Note: Structured generation is optional. If you use a custom schema, pass --schema_class YourSchema --field_to_extract field_name. Otherwise omit both for free-form text output.

Evaluation Only¶

Evaluate existing predictions:

python -m scripts.summarization evaluation \
  -i data/summarization/sample.jsonl \
  -o runs/sum_eval \
  --predictions_file runs/sum_<timestamp>/predictions.json \
  --llm_judge_model_name gpt-4o-mini \
  --verbose

Outputs: - claim_decomposition_detailed.json — Per-item claims, classification matrices, and scores - summarization_metrics.json — average_precision, average_recall, average_f1, total_samples

Inference + Evaluation¶

Run both steps in sequence:

python -m scripts.summarization both \
  -i data/summarization/sample.jsonl \
  -o runs/sum \
  -m gpt-4o-mini \
  --task_type summarization \
  --num_examples 3 \
  --temperature 0.1 \
  --max_tokens 150 \
  --llm_judge_model_name gpt-4o-mini \
  --verbose

Templates and Variables¶

Summarization templates are located in templates/summarization/:

system.jinja2

You are an aviation safety analyst. Analyze the following narrative from a pilot that describes a potentially risky safety event, and then generate a one to two sentence summary of the event.
{% if examples %}
For example:
{% for example in examples %}
    Input Text: {{ example.input }}
    Summary: 
    {{ example.output }}
{% endfor %}
{% endif %}

user.jinja2

Input Text: {{ input }}

Expected Template Variables¶

Templates must reference:

Variable	Description
`examples`	Few-shot examples (list of `{input, output}`)
`input`	The narrative text to summarize

If you customize templates, ensure these variables are preserved.

Evaluation Metrics¶

Claim Decomposition (LLM-as-Judge)¶

What it measures: Precision, recall, and F1 of generated summaries based on atomic claim analysis.

How it works:

For each item: 1. Decompose ground-truth summary into atomic claims; keep only claims supported by the original narrative 2. Decompose predicted summary into atomic claims 3. Classify each predicted claim as: - Strong — supported by a ground-truth claim - Weak — supported by the narrative but not by a ground-truth claim - Incorrect — supported by neither 4. Compute scores: - precision = (1.0·strong + 0.5·weak − 0.1·incorrect) / total_predicted_claims (floored at 0) - recall = (ground_truth_claims_covered) / total_ground_truth_claims - F1 = 2·precision·recall / (precision + recall)

Note: Weights (1.0/0.5/0.1) are configurable in code; defaults are shown above.

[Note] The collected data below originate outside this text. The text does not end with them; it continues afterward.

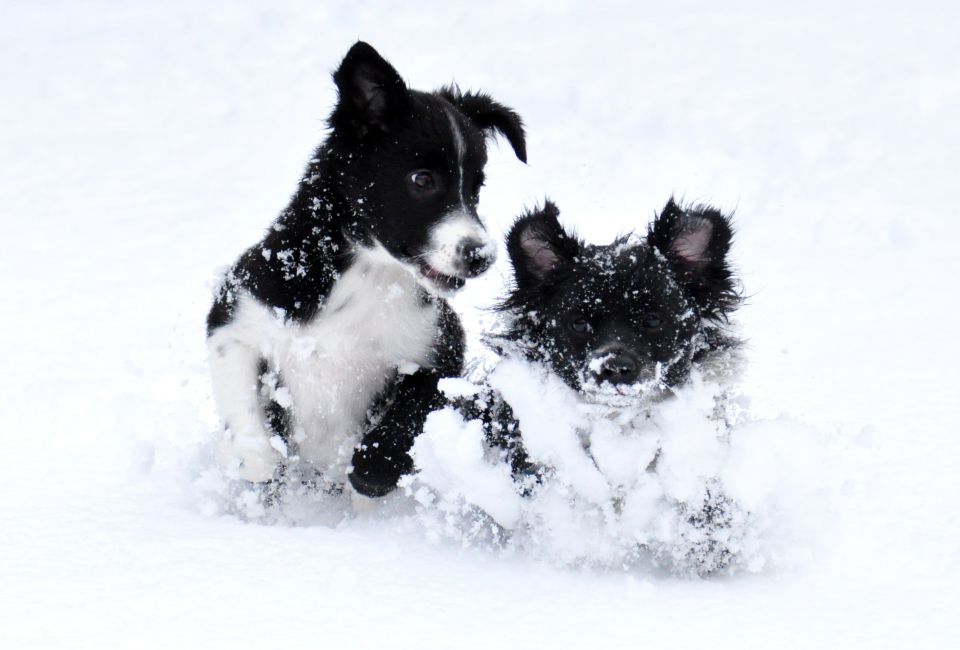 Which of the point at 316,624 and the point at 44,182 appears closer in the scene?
the point at 316,624

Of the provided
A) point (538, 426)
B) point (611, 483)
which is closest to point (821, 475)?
point (611, 483)

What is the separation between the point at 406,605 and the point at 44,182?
6.82 m

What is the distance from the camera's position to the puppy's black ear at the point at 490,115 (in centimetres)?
416

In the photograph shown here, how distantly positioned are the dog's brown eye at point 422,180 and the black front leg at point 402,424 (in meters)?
0.43

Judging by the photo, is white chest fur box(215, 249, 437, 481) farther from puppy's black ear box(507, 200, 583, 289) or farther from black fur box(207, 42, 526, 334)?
puppy's black ear box(507, 200, 583, 289)

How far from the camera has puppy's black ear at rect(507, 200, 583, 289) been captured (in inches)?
145

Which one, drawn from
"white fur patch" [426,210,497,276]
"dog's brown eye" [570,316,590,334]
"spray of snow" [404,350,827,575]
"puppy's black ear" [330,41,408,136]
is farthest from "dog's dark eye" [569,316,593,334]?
"puppy's black ear" [330,41,408,136]

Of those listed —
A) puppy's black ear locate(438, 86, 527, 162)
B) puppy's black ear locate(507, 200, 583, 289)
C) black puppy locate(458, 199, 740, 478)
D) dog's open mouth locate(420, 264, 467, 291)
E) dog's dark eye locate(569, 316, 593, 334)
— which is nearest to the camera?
black puppy locate(458, 199, 740, 478)

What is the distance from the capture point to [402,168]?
3.71 m

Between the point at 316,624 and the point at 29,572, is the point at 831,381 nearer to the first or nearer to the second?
the point at 316,624

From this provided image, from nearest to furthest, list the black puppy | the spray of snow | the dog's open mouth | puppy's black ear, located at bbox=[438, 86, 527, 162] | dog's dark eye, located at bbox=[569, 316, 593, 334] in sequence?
the spray of snow → the black puppy → dog's dark eye, located at bbox=[569, 316, 593, 334] → the dog's open mouth → puppy's black ear, located at bbox=[438, 86, 527, 162]

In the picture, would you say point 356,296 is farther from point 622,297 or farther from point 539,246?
point 622,297

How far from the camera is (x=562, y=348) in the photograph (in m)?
3.53

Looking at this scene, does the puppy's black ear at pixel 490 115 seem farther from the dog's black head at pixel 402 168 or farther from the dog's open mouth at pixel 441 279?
the dog's open mouth at pixel 441 279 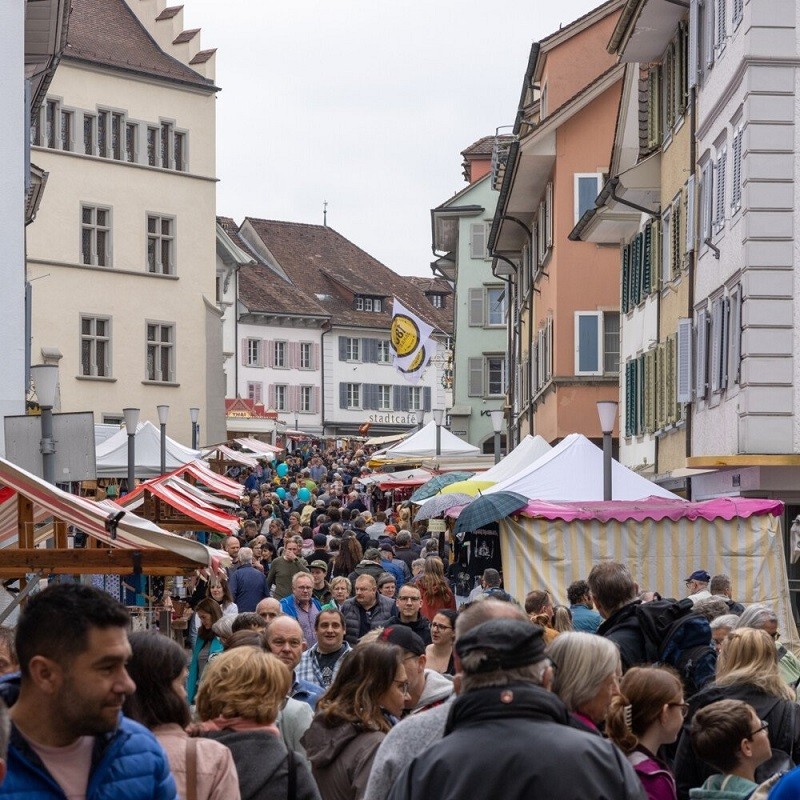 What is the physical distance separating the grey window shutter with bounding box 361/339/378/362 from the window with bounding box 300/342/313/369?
13.6ft

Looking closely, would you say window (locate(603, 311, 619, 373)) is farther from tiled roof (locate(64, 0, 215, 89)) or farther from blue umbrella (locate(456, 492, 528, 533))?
tiled roof (locate(64, 0, 215, 89))

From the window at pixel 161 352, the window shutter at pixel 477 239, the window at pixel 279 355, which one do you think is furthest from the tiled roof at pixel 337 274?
the window at pixel 161 352

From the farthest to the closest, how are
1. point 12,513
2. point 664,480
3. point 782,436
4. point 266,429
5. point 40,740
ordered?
point 266,429 → point 664,480 → point 782,436 → point 12,513 → point 40,740

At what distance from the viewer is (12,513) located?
14961mm

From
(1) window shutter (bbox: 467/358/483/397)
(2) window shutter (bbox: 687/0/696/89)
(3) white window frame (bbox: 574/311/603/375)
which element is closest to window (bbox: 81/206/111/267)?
(3) white window frame (bbox: 574/311/603/375)

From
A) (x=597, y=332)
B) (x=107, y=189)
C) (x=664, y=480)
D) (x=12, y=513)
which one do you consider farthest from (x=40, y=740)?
(x=107, y=189)

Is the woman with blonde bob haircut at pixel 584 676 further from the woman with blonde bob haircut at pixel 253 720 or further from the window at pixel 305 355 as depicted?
the window at pixel 305 355

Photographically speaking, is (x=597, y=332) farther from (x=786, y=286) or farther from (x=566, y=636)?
(x=566, y=636)

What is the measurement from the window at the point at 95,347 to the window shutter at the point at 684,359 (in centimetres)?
3152

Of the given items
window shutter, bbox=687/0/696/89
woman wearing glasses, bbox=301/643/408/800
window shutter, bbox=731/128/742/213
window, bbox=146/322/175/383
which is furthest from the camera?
Answer: window, bbox=146/322/175/383

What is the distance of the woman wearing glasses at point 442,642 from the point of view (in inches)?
392

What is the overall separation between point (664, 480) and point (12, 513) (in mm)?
15663

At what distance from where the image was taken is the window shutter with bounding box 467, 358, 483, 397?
245 feet

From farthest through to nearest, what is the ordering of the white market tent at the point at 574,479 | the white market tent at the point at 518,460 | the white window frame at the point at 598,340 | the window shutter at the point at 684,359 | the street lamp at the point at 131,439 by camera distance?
1. the white window frame at the point at 598,340
2. the window shutter at the point at 684,359
3. the street lamp at the point at 131,439
4. the white market tent at the point at 518,460
5. the white market tent at the point at 574,479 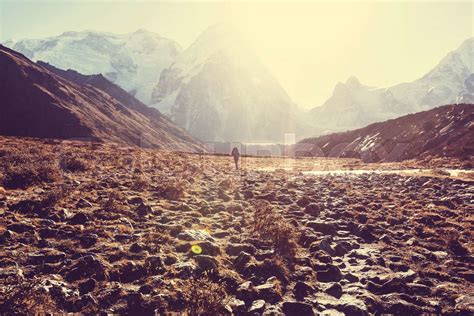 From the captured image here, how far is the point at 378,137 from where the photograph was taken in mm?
102875

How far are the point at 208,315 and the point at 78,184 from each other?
11.1m

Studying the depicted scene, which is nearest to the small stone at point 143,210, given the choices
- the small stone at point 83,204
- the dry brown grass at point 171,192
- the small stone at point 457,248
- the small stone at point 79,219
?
the small stone at point 83,204

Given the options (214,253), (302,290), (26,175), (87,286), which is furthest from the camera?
(26,175)

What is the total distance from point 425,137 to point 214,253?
7130 cm

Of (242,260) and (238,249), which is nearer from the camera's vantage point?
(242,260)

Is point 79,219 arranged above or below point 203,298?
above

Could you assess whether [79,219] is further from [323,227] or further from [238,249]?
[323,227]

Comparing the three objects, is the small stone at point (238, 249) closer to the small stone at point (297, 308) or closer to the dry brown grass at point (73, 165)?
the small stone at point (297, 308)

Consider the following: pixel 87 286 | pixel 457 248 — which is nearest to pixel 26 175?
pixel 87 286

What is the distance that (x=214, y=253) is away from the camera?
31.3 feet

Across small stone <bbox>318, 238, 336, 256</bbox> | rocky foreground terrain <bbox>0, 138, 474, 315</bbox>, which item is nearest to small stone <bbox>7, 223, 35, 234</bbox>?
rocky foreground terrain <bbox>0, 138, 474, 315</bbox>

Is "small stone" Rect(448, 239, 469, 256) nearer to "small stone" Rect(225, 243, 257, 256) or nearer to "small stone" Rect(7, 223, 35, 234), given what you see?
"small stone" Rect(225, 243, 257, 256)

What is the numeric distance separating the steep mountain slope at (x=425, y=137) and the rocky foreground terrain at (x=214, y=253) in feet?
143

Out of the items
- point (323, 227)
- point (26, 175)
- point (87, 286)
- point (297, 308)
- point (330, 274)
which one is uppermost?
point (26, 175) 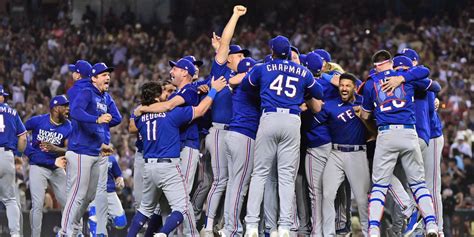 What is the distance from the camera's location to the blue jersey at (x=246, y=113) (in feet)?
43.8

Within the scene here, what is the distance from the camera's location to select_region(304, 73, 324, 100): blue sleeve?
12.9 meters

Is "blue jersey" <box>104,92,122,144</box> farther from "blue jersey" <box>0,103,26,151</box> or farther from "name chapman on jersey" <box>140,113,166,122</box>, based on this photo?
"blue jersey" <box>0,103,26,151</box>

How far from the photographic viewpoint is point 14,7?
103ft

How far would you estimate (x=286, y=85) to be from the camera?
1290 centimetres

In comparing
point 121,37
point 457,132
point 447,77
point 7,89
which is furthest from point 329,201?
point 121,37

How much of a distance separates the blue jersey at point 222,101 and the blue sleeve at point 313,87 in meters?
1.30

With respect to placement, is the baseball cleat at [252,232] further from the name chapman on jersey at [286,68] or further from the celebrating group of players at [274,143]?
the name chapman on jersey at [286,68]

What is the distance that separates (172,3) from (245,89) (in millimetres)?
19190

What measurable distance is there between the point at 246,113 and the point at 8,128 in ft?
13.0

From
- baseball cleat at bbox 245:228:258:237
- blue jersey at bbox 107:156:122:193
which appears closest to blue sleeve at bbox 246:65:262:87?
baseball cleat at bbox 245:228:258:237

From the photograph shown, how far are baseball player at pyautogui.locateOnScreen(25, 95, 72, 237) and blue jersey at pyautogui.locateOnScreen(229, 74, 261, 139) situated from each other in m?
3.26

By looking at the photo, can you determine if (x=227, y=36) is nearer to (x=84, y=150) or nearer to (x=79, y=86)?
(x=79, y=86)

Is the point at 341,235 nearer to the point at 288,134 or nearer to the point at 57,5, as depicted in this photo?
the point at 288,134

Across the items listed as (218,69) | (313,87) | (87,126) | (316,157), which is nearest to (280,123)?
(313,87)
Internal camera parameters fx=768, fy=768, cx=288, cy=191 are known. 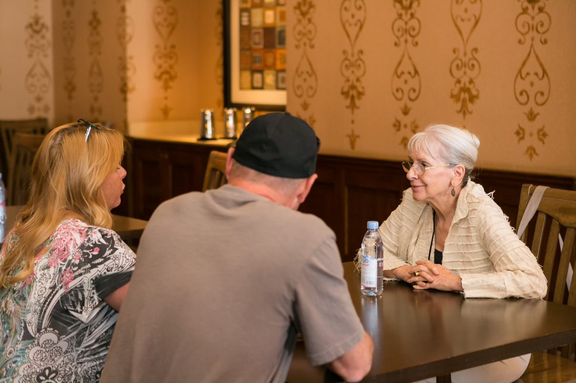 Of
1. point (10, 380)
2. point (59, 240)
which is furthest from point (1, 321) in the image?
point (59, 240)

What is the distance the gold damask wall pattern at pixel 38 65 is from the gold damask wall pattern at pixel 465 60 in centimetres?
383

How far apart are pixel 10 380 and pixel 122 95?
161 inches

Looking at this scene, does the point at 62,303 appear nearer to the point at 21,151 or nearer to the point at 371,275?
the point at 371,275

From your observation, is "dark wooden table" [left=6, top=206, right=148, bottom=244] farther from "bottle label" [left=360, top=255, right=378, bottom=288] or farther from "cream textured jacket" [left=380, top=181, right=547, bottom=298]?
"bottle label" [left=360, top=255, right=378, bottom=288]

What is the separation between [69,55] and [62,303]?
4770mm

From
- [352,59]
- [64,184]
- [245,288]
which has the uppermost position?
[352,59]

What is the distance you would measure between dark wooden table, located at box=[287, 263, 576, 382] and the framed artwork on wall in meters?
3.25

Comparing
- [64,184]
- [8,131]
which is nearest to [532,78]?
[64,184]

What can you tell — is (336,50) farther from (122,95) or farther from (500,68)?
(122,95)

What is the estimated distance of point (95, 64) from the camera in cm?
593

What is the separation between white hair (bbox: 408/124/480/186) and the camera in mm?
2449

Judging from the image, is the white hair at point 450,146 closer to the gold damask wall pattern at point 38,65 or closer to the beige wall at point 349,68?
the beige wall at point 349,68

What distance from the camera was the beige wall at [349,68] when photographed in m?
3.32

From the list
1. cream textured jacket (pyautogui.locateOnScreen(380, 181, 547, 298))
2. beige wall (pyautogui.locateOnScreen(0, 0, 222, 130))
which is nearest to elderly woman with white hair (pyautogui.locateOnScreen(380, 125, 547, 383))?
cream textured jacket (pyautogui.locateOnScreen(380, 181, 547, 298)) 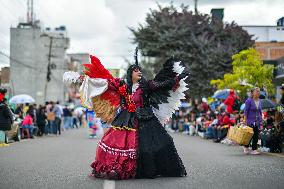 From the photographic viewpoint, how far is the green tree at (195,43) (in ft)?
143

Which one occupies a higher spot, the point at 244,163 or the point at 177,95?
the point at 177,95

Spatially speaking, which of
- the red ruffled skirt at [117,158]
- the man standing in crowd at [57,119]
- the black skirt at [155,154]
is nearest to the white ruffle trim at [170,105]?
the black skirt at [155,154]

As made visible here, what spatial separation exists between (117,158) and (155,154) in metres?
0.62

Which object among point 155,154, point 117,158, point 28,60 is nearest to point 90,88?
point 117,158

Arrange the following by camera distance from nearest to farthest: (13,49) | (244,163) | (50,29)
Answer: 1. (244,163)
2. (13,49)
3. (50,29)

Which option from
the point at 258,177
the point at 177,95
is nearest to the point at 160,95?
the point at 177,95

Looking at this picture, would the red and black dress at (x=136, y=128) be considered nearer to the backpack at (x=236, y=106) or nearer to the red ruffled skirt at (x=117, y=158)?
the red ruffled skirt at (x=117, y=158)

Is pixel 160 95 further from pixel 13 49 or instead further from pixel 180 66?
pixel 13 49

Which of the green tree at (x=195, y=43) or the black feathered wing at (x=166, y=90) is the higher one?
the green tree at (x=195, y=43)

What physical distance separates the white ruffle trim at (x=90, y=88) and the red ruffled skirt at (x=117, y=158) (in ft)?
2.64

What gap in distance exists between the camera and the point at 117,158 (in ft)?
31.5

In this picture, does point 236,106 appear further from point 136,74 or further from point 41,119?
point 136,74

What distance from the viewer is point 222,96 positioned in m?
28.4

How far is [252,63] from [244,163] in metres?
18.8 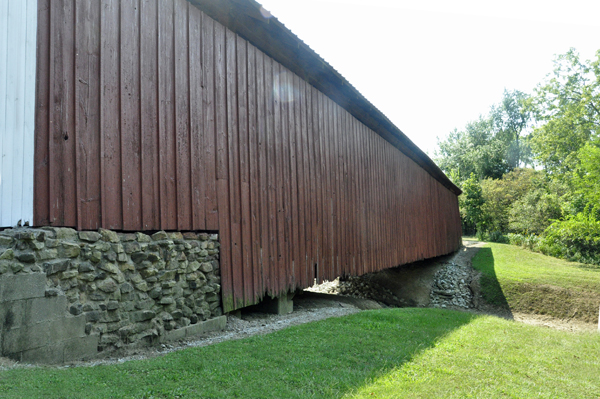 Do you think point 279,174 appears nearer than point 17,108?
No

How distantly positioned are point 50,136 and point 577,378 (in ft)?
22.6

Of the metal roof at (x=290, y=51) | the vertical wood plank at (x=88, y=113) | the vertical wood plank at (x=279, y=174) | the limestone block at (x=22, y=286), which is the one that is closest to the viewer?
the limestone block at (x=22, y=286)

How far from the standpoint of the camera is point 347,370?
13.6 ft

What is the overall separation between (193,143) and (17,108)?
2430 mm

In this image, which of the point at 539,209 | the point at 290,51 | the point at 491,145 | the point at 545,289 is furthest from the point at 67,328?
the point at 491,145

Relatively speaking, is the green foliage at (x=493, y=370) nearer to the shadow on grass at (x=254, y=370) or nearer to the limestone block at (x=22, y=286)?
the shadow on grass at (x=254, y=370)

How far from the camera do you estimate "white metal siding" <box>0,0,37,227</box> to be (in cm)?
377

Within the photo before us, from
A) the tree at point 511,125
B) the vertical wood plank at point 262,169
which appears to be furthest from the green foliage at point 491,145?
the vertical wood plank at point 262,169

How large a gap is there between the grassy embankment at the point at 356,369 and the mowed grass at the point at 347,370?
11 mm

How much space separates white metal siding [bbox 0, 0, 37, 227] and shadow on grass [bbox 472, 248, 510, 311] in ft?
48.3

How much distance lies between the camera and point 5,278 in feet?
11.4

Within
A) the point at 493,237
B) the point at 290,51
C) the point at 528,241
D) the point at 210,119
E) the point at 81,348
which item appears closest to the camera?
the point at 81,348

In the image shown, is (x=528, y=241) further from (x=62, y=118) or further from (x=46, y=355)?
(x=46, y=355)

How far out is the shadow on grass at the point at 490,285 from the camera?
1449 cm
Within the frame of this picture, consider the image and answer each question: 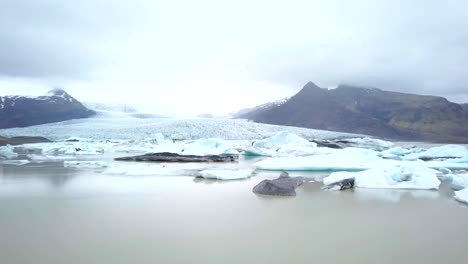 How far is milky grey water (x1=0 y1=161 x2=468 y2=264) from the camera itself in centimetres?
311

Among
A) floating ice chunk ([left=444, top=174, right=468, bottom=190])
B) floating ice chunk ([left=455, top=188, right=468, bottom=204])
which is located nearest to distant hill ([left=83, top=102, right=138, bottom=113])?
floating ice chunk ([left=444, top=174, right=468, bottom=190])

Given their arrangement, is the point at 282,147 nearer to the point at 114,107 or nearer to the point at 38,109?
the point at 114,107

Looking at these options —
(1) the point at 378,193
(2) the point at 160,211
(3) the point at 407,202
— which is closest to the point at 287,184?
(1) the point at 378,193

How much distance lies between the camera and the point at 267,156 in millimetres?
17344

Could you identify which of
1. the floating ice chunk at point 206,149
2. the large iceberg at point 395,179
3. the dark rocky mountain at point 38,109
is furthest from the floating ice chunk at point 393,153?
the dark rocky mountain at point 38,109

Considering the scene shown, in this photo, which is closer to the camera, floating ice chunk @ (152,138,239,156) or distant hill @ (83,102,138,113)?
floating ice chunk @ (152,138,239,156)

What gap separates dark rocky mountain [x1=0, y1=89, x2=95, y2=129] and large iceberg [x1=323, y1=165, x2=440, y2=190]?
53871 millimetres

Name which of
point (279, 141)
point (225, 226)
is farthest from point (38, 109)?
point (225, 226)

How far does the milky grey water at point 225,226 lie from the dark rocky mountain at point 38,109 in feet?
177

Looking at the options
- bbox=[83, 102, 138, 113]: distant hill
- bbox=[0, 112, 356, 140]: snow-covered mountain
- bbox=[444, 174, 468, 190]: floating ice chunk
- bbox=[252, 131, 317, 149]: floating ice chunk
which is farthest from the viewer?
bbox=[83, 102, 138, 113]: distant hill

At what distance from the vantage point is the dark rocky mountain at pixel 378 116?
8038 centimetres

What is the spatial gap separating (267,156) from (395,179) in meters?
9.90

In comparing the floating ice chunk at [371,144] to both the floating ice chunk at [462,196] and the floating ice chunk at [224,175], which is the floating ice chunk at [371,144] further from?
the floating ice chunk at [462,196]

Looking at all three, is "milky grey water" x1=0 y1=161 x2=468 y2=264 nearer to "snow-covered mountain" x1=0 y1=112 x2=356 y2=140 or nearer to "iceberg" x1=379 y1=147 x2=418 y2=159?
"iceberg" x1=379 y1=147 x2=418 y2=159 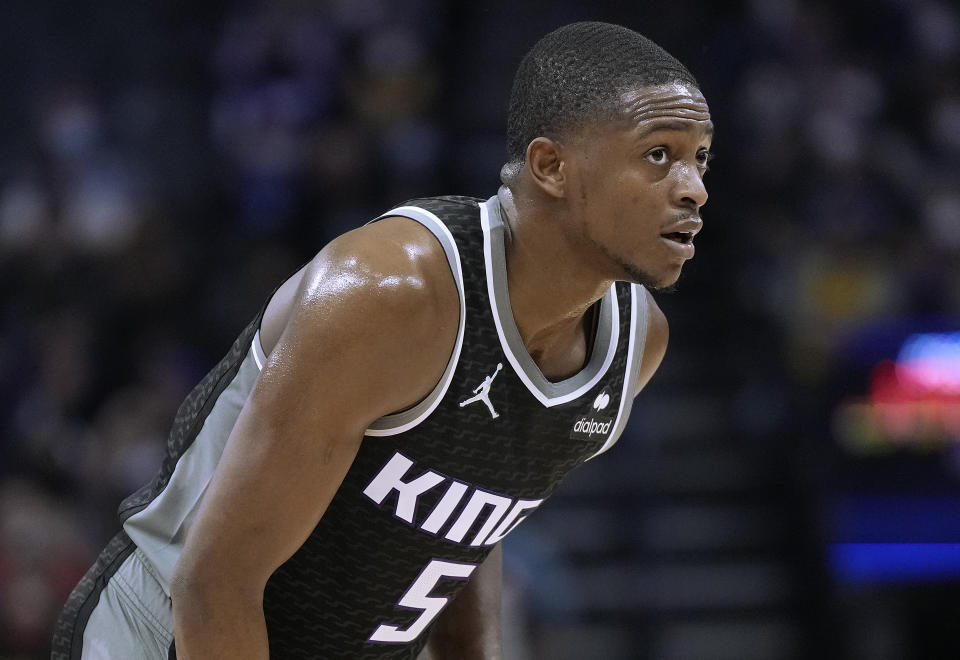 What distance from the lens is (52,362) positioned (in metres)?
6.10

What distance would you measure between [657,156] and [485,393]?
0.50 metres

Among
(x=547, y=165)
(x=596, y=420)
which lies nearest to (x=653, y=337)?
(x=596, y=420)

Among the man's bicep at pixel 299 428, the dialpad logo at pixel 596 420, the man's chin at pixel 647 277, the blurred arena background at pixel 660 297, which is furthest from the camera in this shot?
the blurred arena background at pixel 660 297

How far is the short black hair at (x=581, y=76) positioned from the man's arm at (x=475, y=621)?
97 centimetres

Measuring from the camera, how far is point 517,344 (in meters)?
2.17

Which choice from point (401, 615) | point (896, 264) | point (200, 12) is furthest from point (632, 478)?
point (401, 615)

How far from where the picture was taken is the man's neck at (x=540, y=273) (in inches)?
87.7

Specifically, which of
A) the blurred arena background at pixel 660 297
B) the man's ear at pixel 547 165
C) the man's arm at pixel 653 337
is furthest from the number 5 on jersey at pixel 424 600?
the blurred arena background at pixel 660 297

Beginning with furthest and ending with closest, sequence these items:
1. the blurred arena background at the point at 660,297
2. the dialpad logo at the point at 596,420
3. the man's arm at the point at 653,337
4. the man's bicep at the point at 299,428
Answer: the blurred arena background at the point at 660,297 → the man's arm at the point at 653,337 → the dialpad logo at the point at 596,420 → the man's bicep at the point at 299,428

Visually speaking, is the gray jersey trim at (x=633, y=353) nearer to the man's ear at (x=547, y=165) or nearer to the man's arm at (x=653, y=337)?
the man's arm at (x=653, y=337)

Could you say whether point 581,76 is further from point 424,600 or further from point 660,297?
point 660,297

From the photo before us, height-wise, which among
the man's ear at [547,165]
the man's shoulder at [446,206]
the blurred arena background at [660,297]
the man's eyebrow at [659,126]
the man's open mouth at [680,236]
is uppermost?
the man's eyebrow at [659,126]

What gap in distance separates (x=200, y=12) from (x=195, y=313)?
2.75m

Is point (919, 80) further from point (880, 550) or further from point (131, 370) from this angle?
point (131, 370) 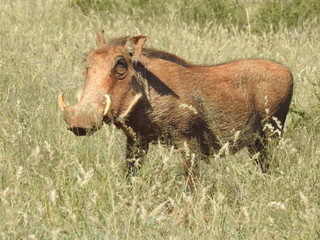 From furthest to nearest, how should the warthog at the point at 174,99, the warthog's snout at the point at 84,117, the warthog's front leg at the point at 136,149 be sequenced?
1. the warthog's front leg at the point at 136,149
2. the warthog at the point at 174,99
3. the warthog's snout at the point at 84,117

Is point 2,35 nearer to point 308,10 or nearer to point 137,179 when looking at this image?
point 308,10

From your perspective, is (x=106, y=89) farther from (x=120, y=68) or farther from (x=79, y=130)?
(x=79, y=130)

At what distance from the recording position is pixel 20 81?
648 centimetres

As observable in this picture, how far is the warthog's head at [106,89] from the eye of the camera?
158 inches

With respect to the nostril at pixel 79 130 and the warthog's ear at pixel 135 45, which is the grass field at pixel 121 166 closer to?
the nostril at pixel 79 130

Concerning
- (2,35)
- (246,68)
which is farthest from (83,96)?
(2,35)

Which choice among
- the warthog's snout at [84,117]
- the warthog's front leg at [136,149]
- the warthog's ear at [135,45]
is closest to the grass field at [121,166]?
the warthog's front leg at [136,149]

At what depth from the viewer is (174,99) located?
4.52 m

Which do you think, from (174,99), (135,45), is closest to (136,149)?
(174,99)

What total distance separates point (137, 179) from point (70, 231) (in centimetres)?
68

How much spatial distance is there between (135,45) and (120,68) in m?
0.23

Reported metrics: - average_precision — Overall precision across all summaries - average_recall — Overall recall across all summaries - average_f1 — Overall F1 score across all summaries - Per-item breakdowns in claim_decomposition_detailed.json

Configuration Notes¶

Required Settings¶

For inference:

ALUE_ENDPOINT_TYPE=openai
ALUE_OPENAI_API_KEY=sk-...

For evaluation:

ALUE_LLM_JUDGE_ENDPOINT_TYPE=openai
ALUE_LLM_JUDGE_OPENAI_API_KEY=sk-...

Recommendation: Use a different model for the LLM judge than for inference to reduce evaluation bias. Mixing backends is supported.

See Configuration Reference for complete setup details.